Few of them had yet to come to terms with Mohr’s unconventionally new-found strength. She never hid from the difficulties, yet neither did she forget the opportunities. “It was tough,” she admits. “The surgery and the cruel pain were a real struggle, but there were positives because I dared to see

the problems, dared to feel the pain, dared to ask for help.” Her mother once told Mohr that she dearly wished it had been her leg. She replied: “Mom, you wouldn’t have coped, and I have, so it’s fine.” • Her summer was powered by a self-penned mantra (“Fear less, live more”) and just two and a half months after the operation she was ready to tee it up alongside Louise against the Hedwall sisters, Caroline and Jacqueline. At the time, the former was the number one ranked player on the Ladies European Tour and she would make her Solheim Cup debut the following month, helping her team defeat the Americans.

On this day, however, she was no match for the other Caroline whose performance was little short of outrageous.
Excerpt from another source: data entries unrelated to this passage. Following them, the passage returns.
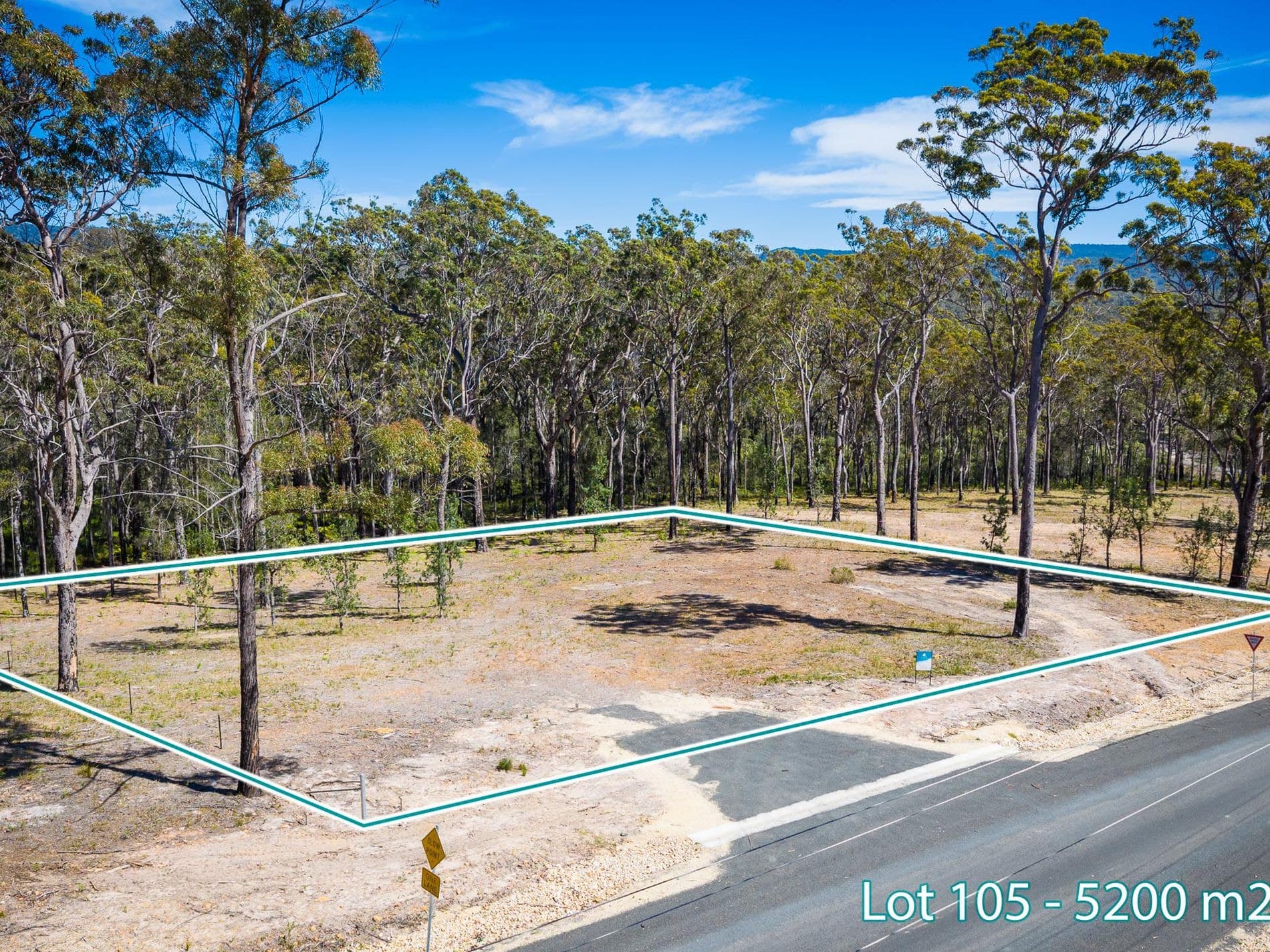 Lot 101 - 121, 489 Sapphire Coast Drive, Bournda - Thumbnail 7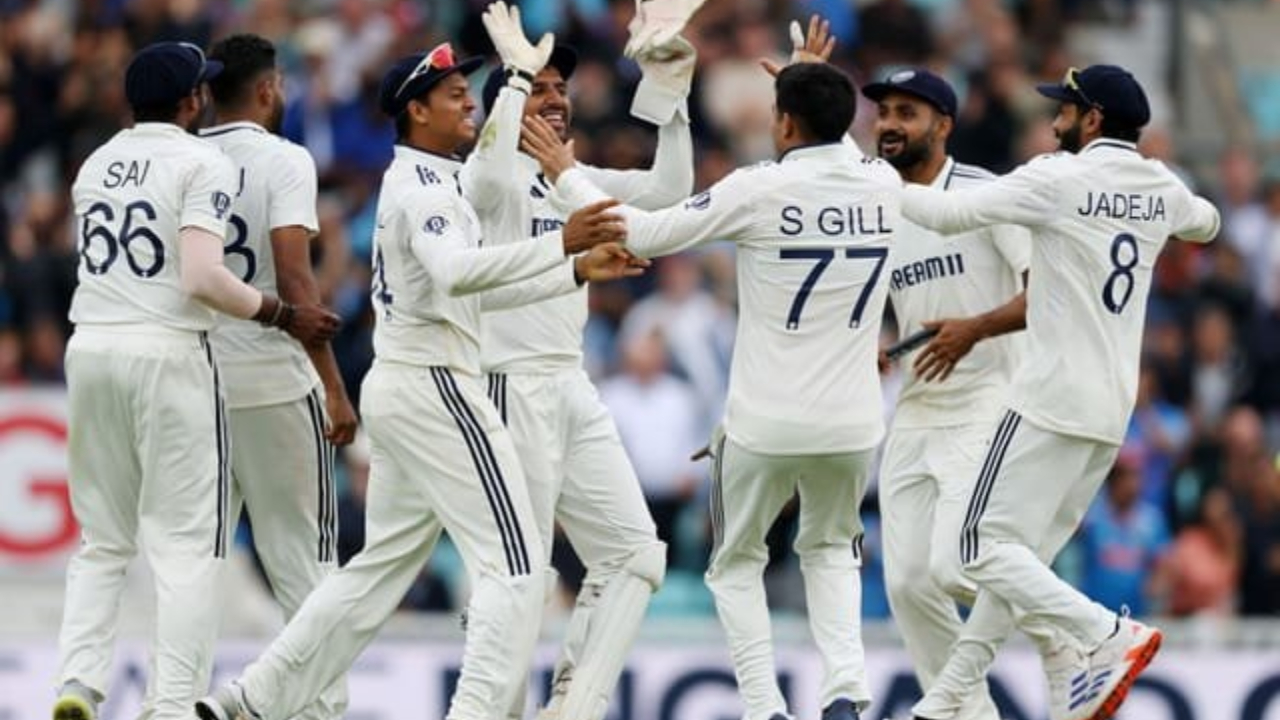 India leave for Sri Lanka without this batter, BCCI medical decision keeps 24-year-old waiting India leave for Sri Lanka without this batter, BCCI medical decision keeps 24-year-old waiting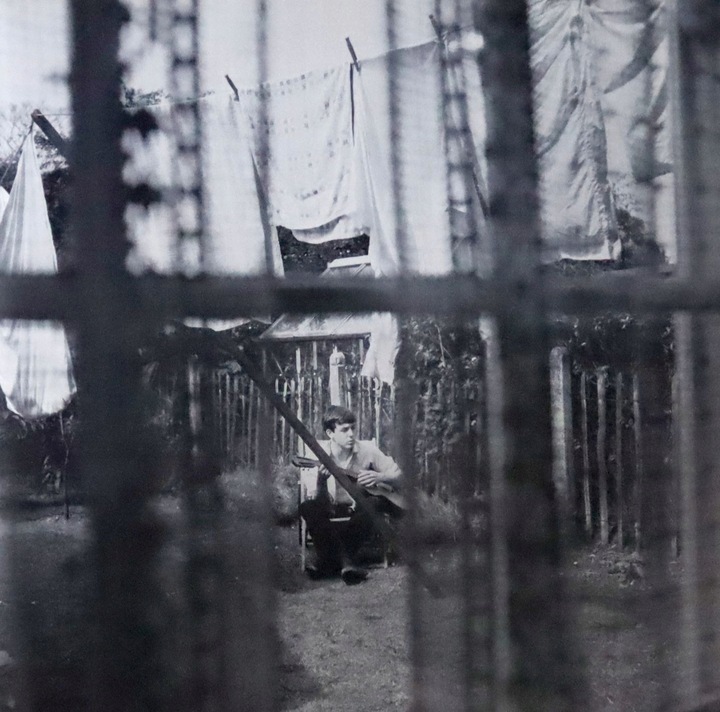 Chaos And Creation In The Backyard Paul McCartney Winyl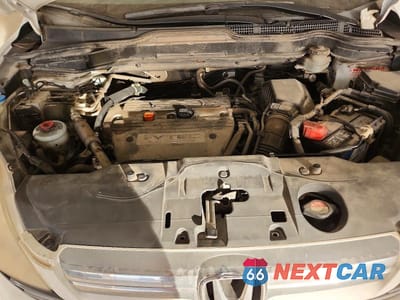 Zdjęcie 12 z 13 samochodu: 2008 HONDA CR-V EX VIN:JHLRE48558C005756 - miniatura
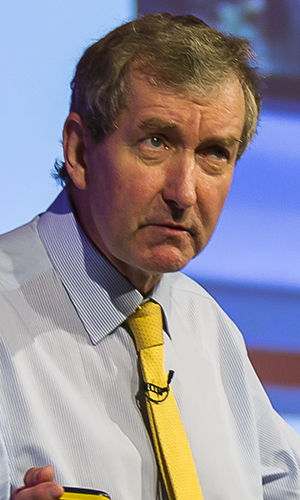 Chris Roebuck (Professor)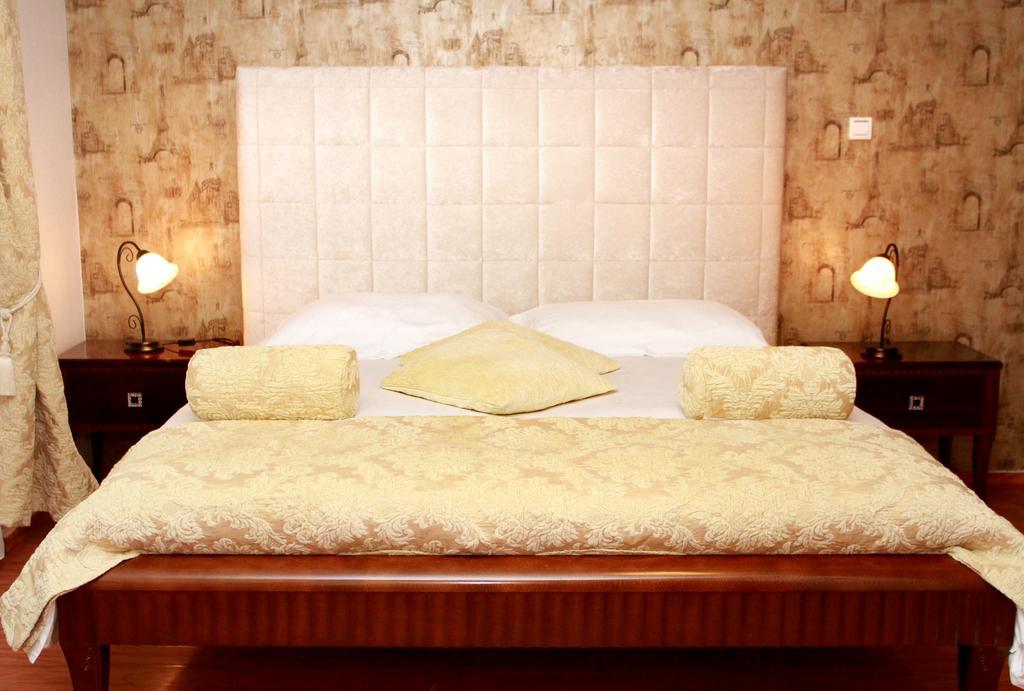 Guesthouse Villa Vice Split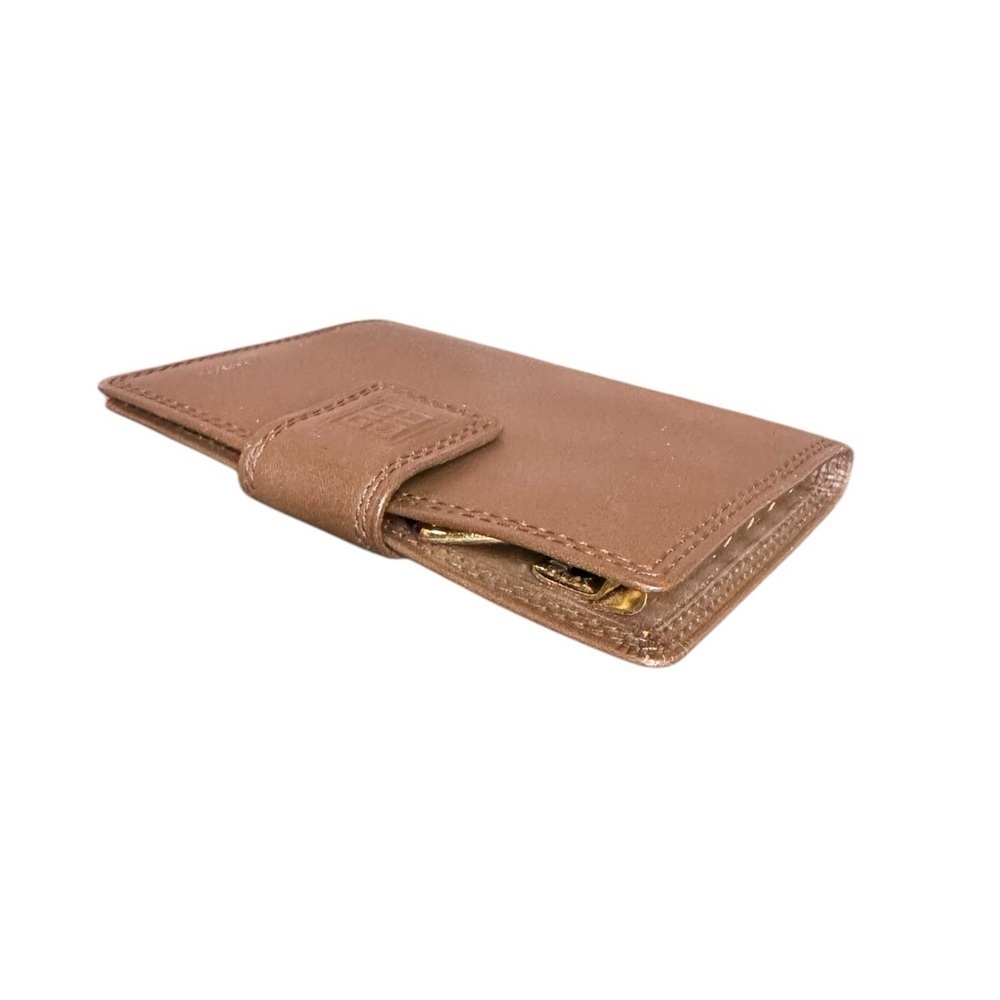 GIVENCHY Brown Key/Card Holder - Picture 7 of 7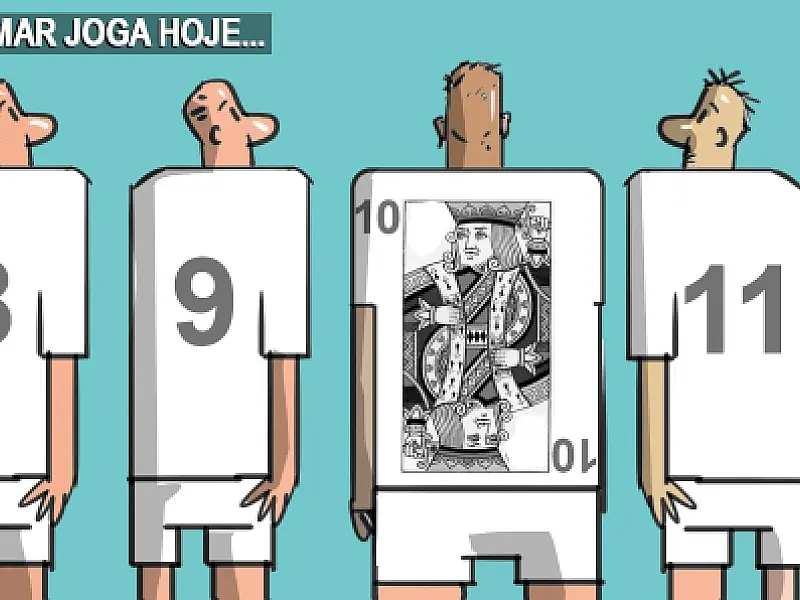 CHARGE DO DIA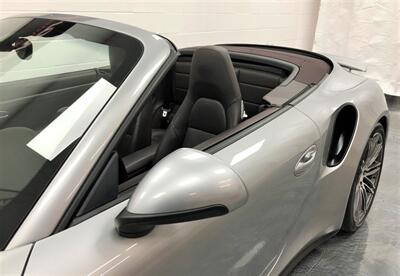 2015 Porsche 911 Turbo - Photo 20 - Ivyland, PA 18974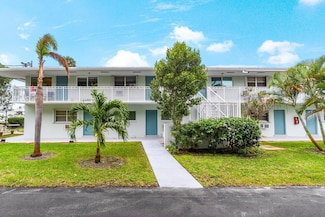2420 S Federal Hwy Unit 19, Boynton Beach, FL 33435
Hitting on one leg because she was yet to have a sports prosthesis fitted she not only gave herself a long look at a birdie on the first hole but, with Swedish television in attendance, she drained it. The other three made par and Mohr laughs at the outrageousness of it: “I think Caroline Hedwall missed her putt because there were tears in her eyes.” Incredibly Caroline and her sister retained their title. The following year, and again in 2014, Mohr won the European Disabled Golf Championship.

She has continued to play golf – and was involved with the launch of the European Tour’s Golfers with Disability programme during the 2019 British Masters at Hillside – but increasingly her life has moved in another direction.

Her story has changed the lives of others, not just her own. Indeed, in late 2011 a mystery benefactor purchased an expensive Genium prosthetic leg for her, attaching a note which read: “I want you to have the chance to achieve your dreams. My wish is that you might have the opportunity to help someone else in the future.”

The enthusiasm, positivity and purpose which drove her are now refocused into new tasks and projects. “I’m a motivational and keynote speaker,” she explains. “I inspire the employees of companies to transform challenges into opportunities. Because when there is change, there will also always be resistance. Often it is from employees who may be fearful of adjusting or who preferred old and familiar ways.”

She has been hired by the likes of KPMG, Capital Group, BMW and Allianz. “My role is to help employees in these situations to discover a new perspective. Sometimes I talk for an hour, maybe with questions afterwards, sometimes we workshop. I use my life as a metaphor. Because my life and challenge might seem very intense, but it’s really not that different to anybody else.”

Mohr uses a few words, to sum up what happened to her, and it is hard to argue with them. “They took my leg,” she says,

“but they gave me life.”

www.carolinemohr.eu/en

Caroline got married in 2018 and changed her last name from Larsson to Mohr. During the same year, Caroline raised more money for the school in South Africa and secured education for 350 kids until 2023.